The proposal included plans to host a traditional feast for 1,500 participants, hold an interactive cultural showcase and create a monument called “The Circle of Healing” at the former site of the Shubenacadie Indian Residential School. The band had asked for $500,000 in order to hold the event.
According to the lawsuit, when the TRC approved the proposal in February 2012, the band registered the First Nation Centre for Balance and Resiliency Association as a society with the Nova Scotia Joint Registry of Stocks in order to receive the $450,000 in funding from the federal government.
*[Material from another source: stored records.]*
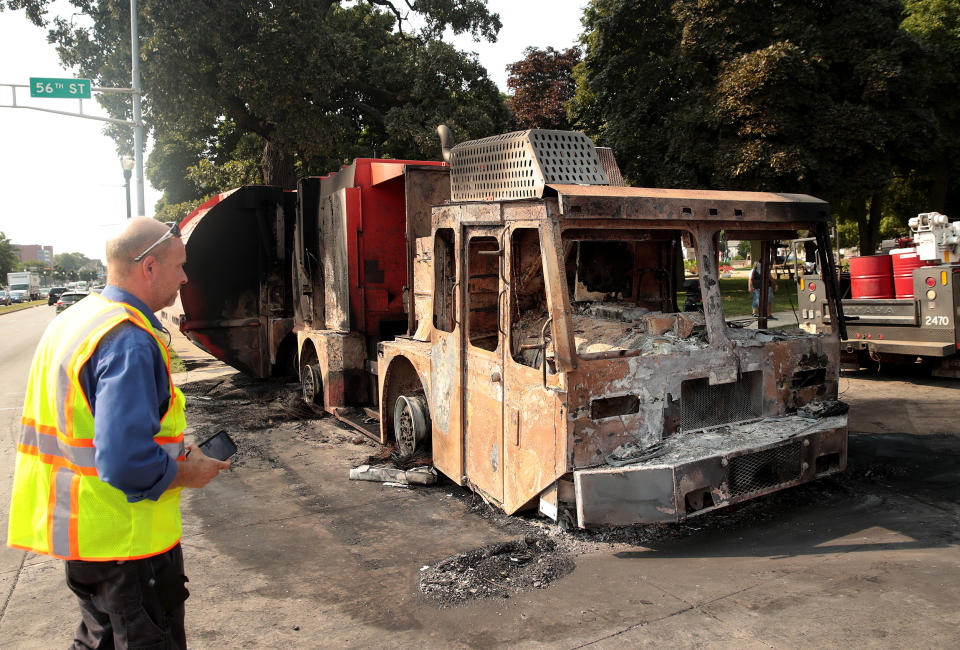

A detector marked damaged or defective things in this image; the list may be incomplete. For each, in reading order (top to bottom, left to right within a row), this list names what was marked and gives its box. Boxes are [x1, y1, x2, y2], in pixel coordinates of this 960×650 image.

burned trailer section [176, 185, 296, 378]
burned metal panel [178, 185, 294, 378]
charred tire [302, 364, 324, 404]
charred tire [394, 392, 432, 458]
burned door frame [462, 228, 506, 502]
burned truck [171, 125, 848, 528]
charred truck cab [172, 126, 848, 528]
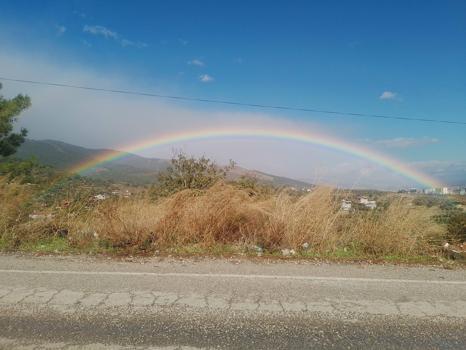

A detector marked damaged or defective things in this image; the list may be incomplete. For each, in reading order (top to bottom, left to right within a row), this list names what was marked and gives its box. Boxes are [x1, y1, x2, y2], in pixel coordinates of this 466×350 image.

cracked asphalt [0, 254, 464, 348]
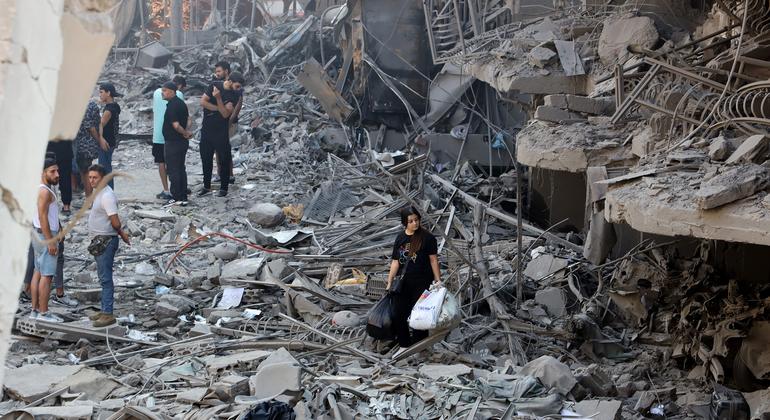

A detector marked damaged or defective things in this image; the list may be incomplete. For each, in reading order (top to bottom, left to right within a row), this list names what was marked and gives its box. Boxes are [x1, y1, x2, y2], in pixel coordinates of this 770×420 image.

broken wall [0, 0, 113, 388]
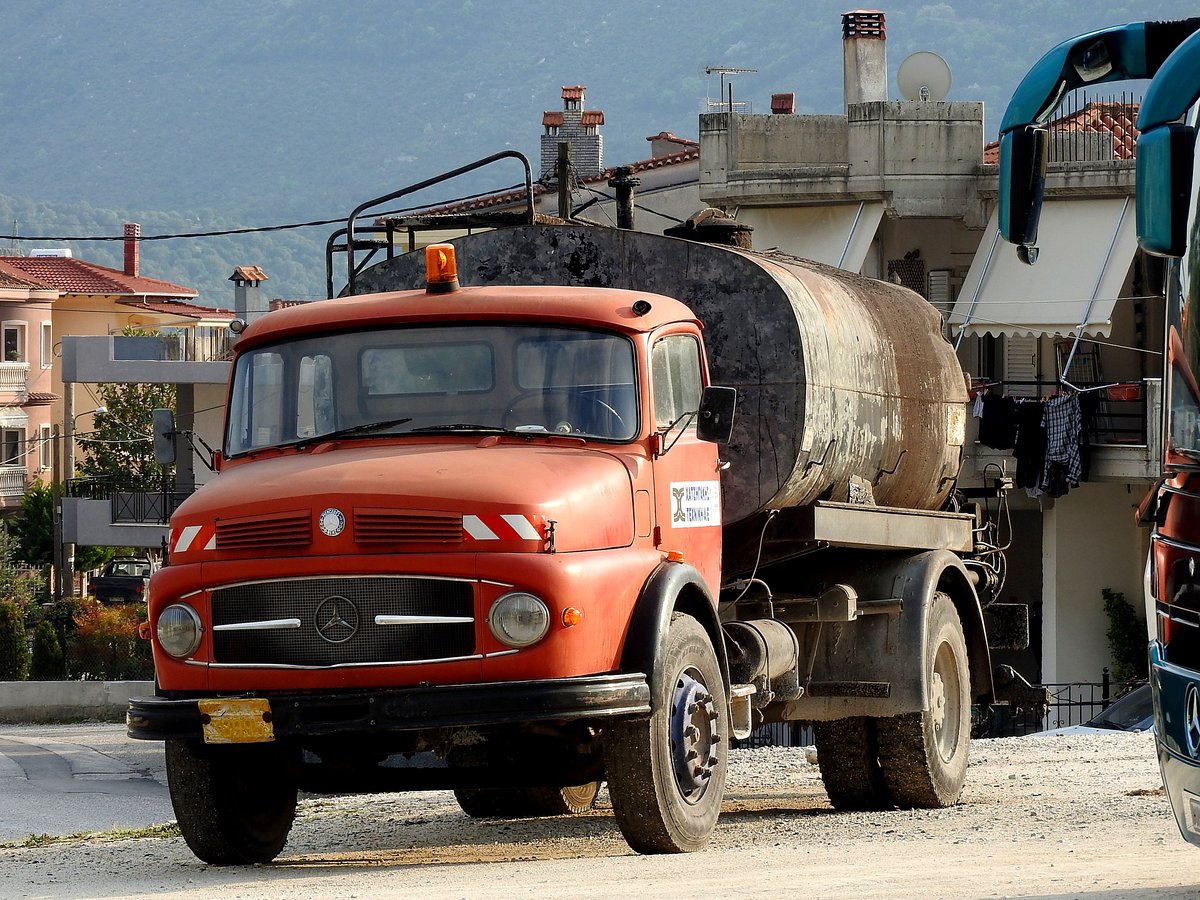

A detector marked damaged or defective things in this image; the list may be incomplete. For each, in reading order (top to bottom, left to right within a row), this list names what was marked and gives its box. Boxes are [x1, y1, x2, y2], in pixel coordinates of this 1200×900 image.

rusty tank surface [350, 225, 969, 532]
However, the band alleges that the centre “departed from the Commemoration Event proposed by Sipekne’katik to the TRC” and held an event that “was much smaller and less costly.”
The band claims the event, which was held in September 2012 in Dartmouth, N.S., only drew approximately 100 participants, did not include a traditional feast or an interactive cultural showcase and did not produce a monument at the site of the former Shubenacadie Indian Residential School.
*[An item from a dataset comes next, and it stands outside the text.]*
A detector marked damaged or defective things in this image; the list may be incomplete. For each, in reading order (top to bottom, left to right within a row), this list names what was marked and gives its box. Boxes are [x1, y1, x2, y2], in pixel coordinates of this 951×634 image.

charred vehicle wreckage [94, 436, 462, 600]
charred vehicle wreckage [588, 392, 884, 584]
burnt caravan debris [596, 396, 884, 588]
According to the band, the centre and its board of directors “breached their fiduciary duties to Sipekne’katik and the members of the Sipekne’katik First Nation, and their duties as trustees of the trust over the Commemoration Funds by misusing, converting, or mismanaging those funds.”
Band councillor didn’t know about centre’s formation
According to Councillor McDonald, the First Nation Centre of Balance and Resiliency Association was formed while Jerry Sack was serving as Chief of Sipekne’katik.
McDonald, who has been serving with the Sipekne’katik Band Council since 2000, says he does not recall a band council resolution ever being passed in council chambers to form the centre or to have the centre control the money to plan the 2012 commemorative event.
“We didn’t know about it. We didn’t know the company was formed. We didn’t know the money was transferred to a separate company,” McDonald said.
McDonald says the main reason the band has filed the lawsuit is accountability.
“Somebody has to be accountable for the $500,000,” he said.
We’ve tried to get that information or an audit or some type of financial information about this $500,000 from the board of directors. They’ve refused to give it to us,” McDonald added.
In an email, a spokesperson for Indigenous and Northern Affairs Canada stated that in November 2011, the Sipekne’katik Band “recommended the funding of a commemoration project to be delivered by the First Nation Centre of Balance and Resiliency Association.”
When asked if INAC has received a financial audit from the centre, the spokesperson wrote, “the department continues to follow up and work with the recipient to ensure the reporting requirements set out in the contribution agreement are fulfilled.”